Monarch Airlines’ future will go down to the wire, as the carrier looks to seal a £165m funding package designed to secure its licence to operate.
The airline will lose its Air Travel Organiser’s Licence (Atol) – which allows it to fly package holiday passengers – at midnight on Wednesday if it does not secure a deal.
The UK airline industry regulator, the Civil Aviation Authority, has already granted Monarch a 12-day extension from the original deadline of 30 September to show it had the money to stay afloat.
Losing the licence would make it far harder for Monarch to recover its finances because it would lose passengers on Atol-protected package deals, though it could still carry passengers who had booked a flight only.
But an agreement between Monarch, its majority owner, the private equity firm Greybull Capital, the aircraft manufacturer Boeing and the airline’s banks is expected to be tied up on Wednesday.
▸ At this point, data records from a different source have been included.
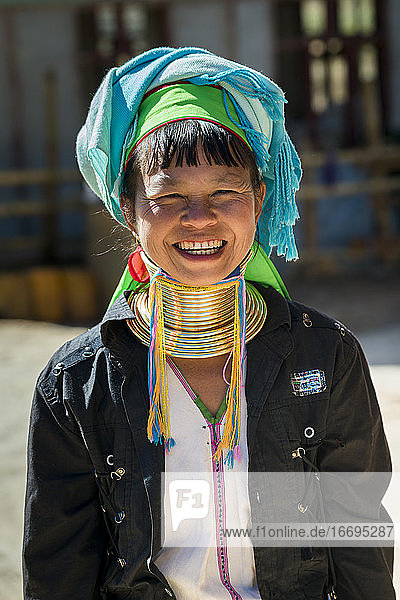 Portrait of smiling Burmese woman from Kayan tribe  Loikaw  Myanmar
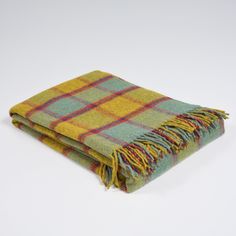 a green and yellow plaid blanket on a white background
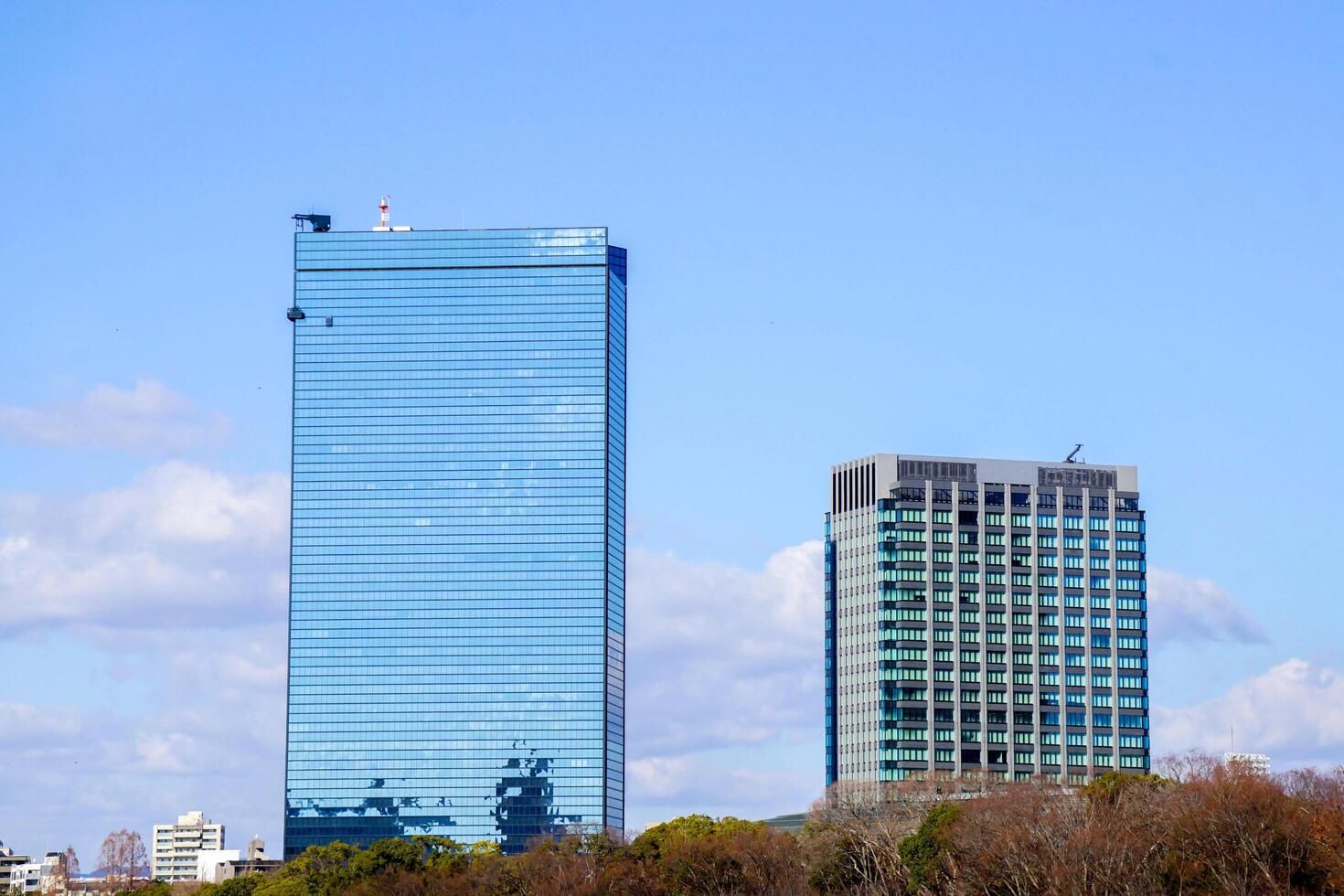Osaka City, Japan, 2023 - Closeup scenery view of glass and office building on blue sky background. photo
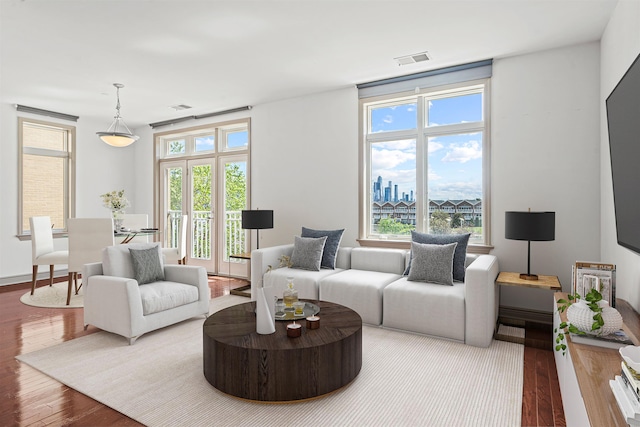 7400 River Rd Unit 304, North Bergen, NJ 07047 - living room with wood finished floors and healthy amount of natural light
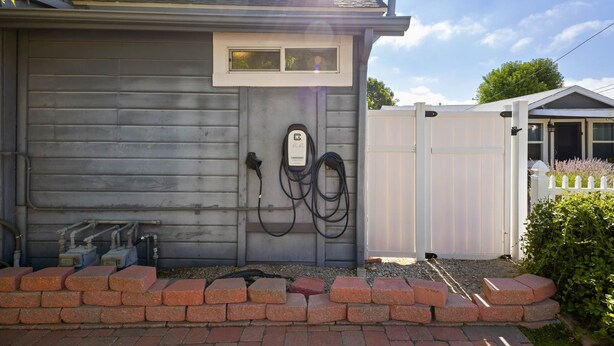 A garage with a power outlet and a cable connected to a device. - Blue Chestnut-Westside Paso Getaway (Paso Robles)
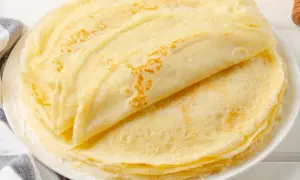 Stos puszystych, złotych naleśników bez jajek, ułożonych na białym talerzu. Idealne na śniadanie lub deser.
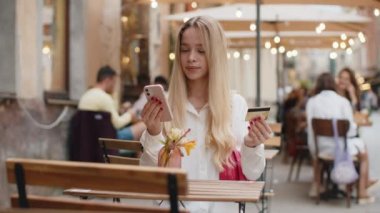 Para transfer ederken kredi kartı akıllı telefonu kullanan genç bir kadın, online alışveriş, yemek siparişi, açık hava otel odası rezervasyonu. Genç kız turist kafeteryada masada oturuyor.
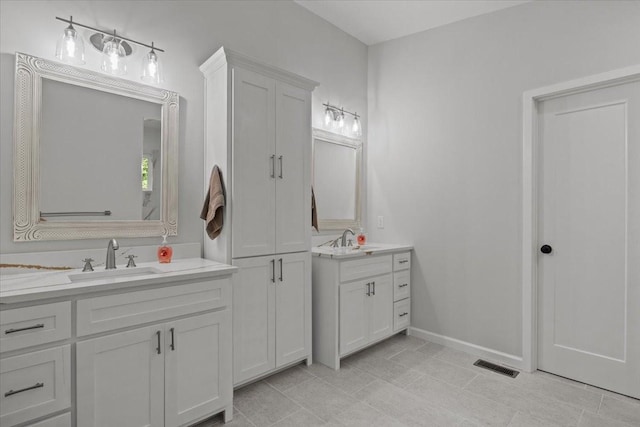 2006 Goodrich Rd, Nunnelly, TN 37137 - bathroom featuring two vanities and baseboards
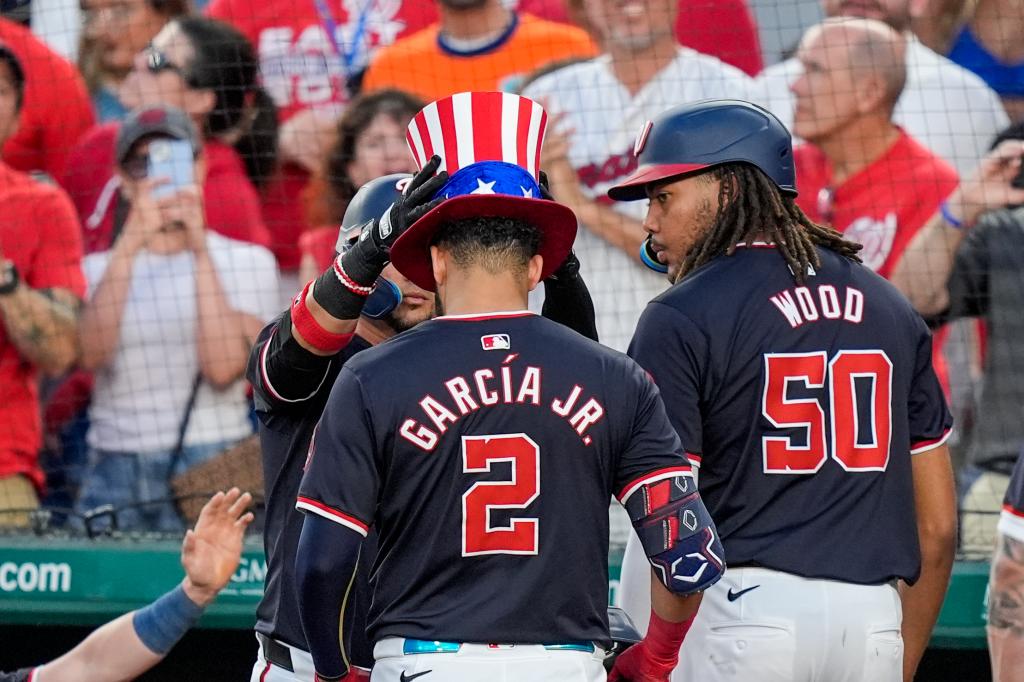 Washington Nationals' Luis Garcia  Jr. gets a celebratory hat after his three-run homer as James Wood looks on during the sixth inning. 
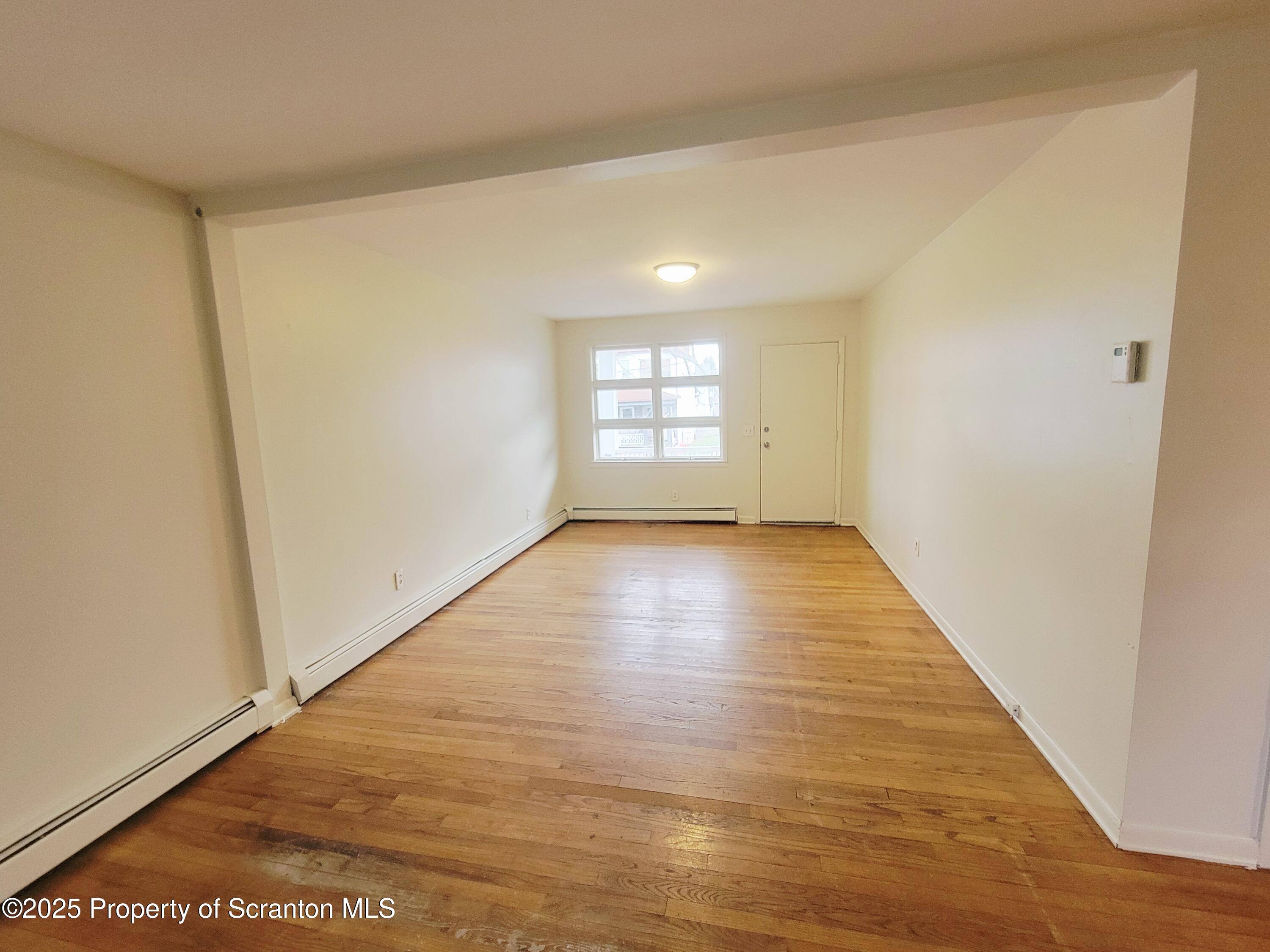 940 East Elm Street Scranton, PA 18505 - Photo 2 of 10 a view of empty room with wooden floor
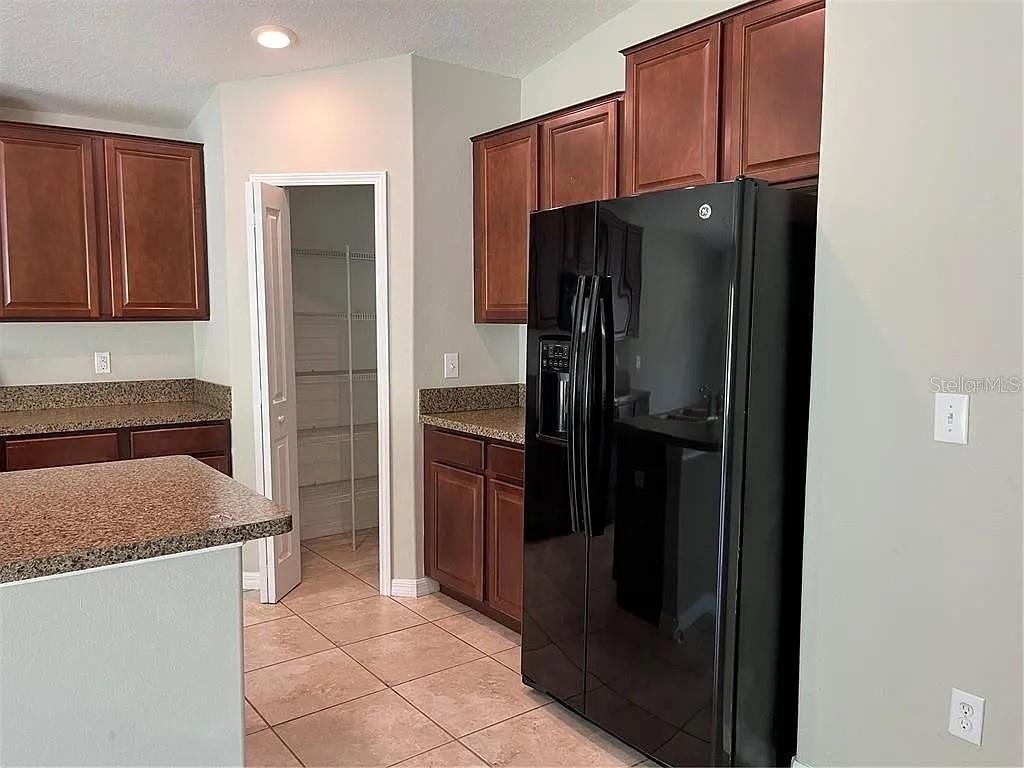 1606 Redmond Brook Lane Ruskin, FL 33570 - Photo 6 of 26 a kitchen with stainless steel appliances granite countertop a refrigerator and a sink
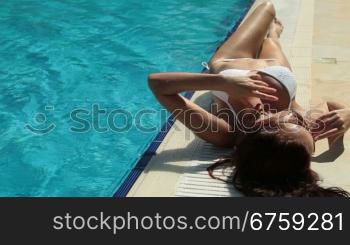 Young Bikini Woman Sunbathing by Swimming Pool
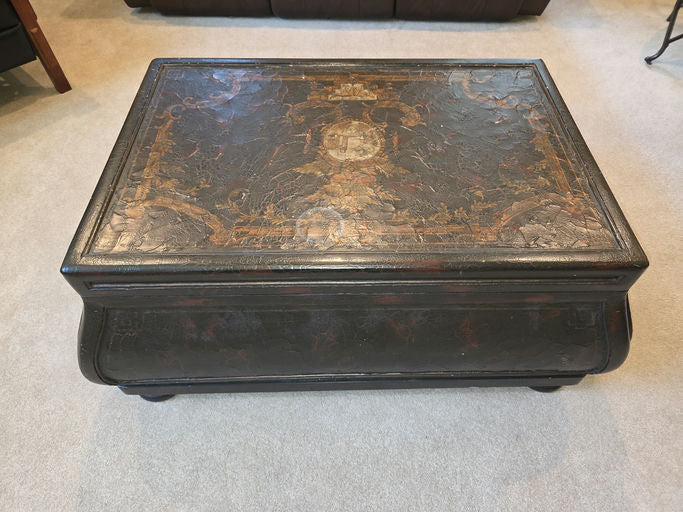 An antique black trunk with intricate artwork on top, featuring ornate patterns and designs. It's placed on a light carpet in a cozy room.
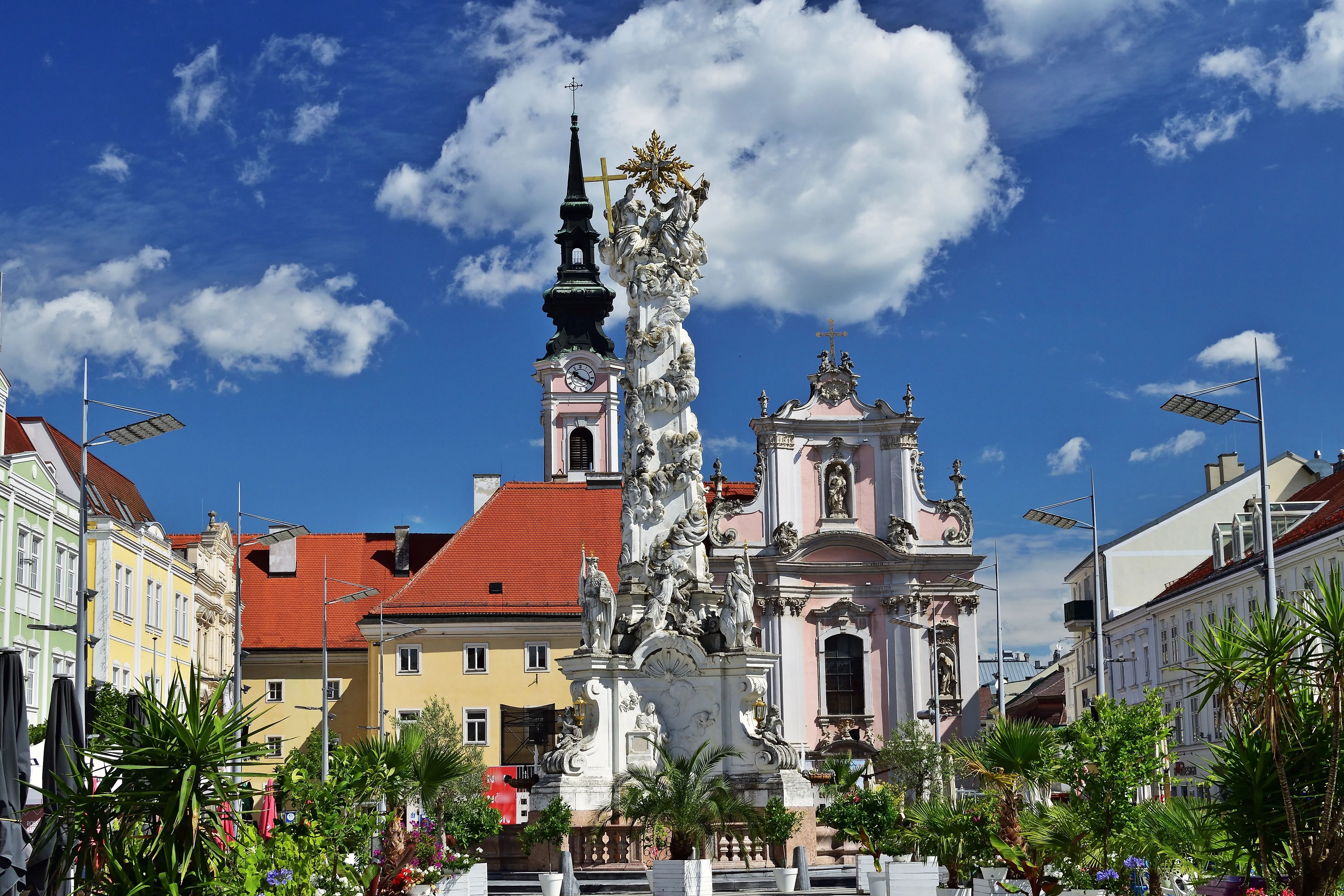 Historische Dreifaltigkeitssäule vor der barocken Franziskanerkirche im Zentrum von St. Pölten, umgeben von farbenfrohen Bürgerhäusern und sommerlichem Blumenschmuck.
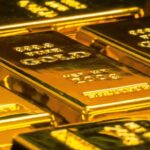 Gold Slides as Inflation Fears Boost Strong Dollar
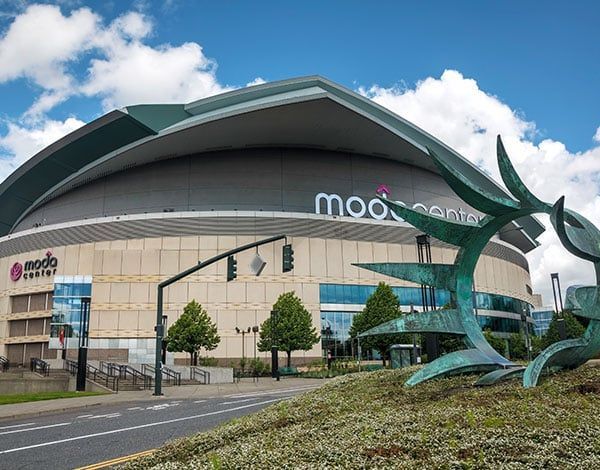 Moda Center arena with a bronze sculpture in the foreground, a blue sky, and a street and sidewalk.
The package is expected to involve a revision of the terms of Monarch’s 2014 order for 45 new planes from Boeing.
Under the agreement, which has yet to be finalised, Boeing would convert the order into lease deals, meaning Monarch could still use the planes but would have more cash to prove to the CAA that it can fund itself.
It is not clear whether all 45 plane orders would be converted into leases.
Greybull would also inject fresh money as part of a package worth a combined £165m, which it has said would be the largest investment in the company’s 48-year history if it goes ahead.
The rescue deal is designed to help Monarch survive difficult trading conditions due to ongoing international security concerns and the weakness of sterling.
Monarch has suffered particularly badly from a downturn in package holidays to Turkey and Egypt, amid terrorism fears, while air traffic control strikes in France have exacerbated its woes.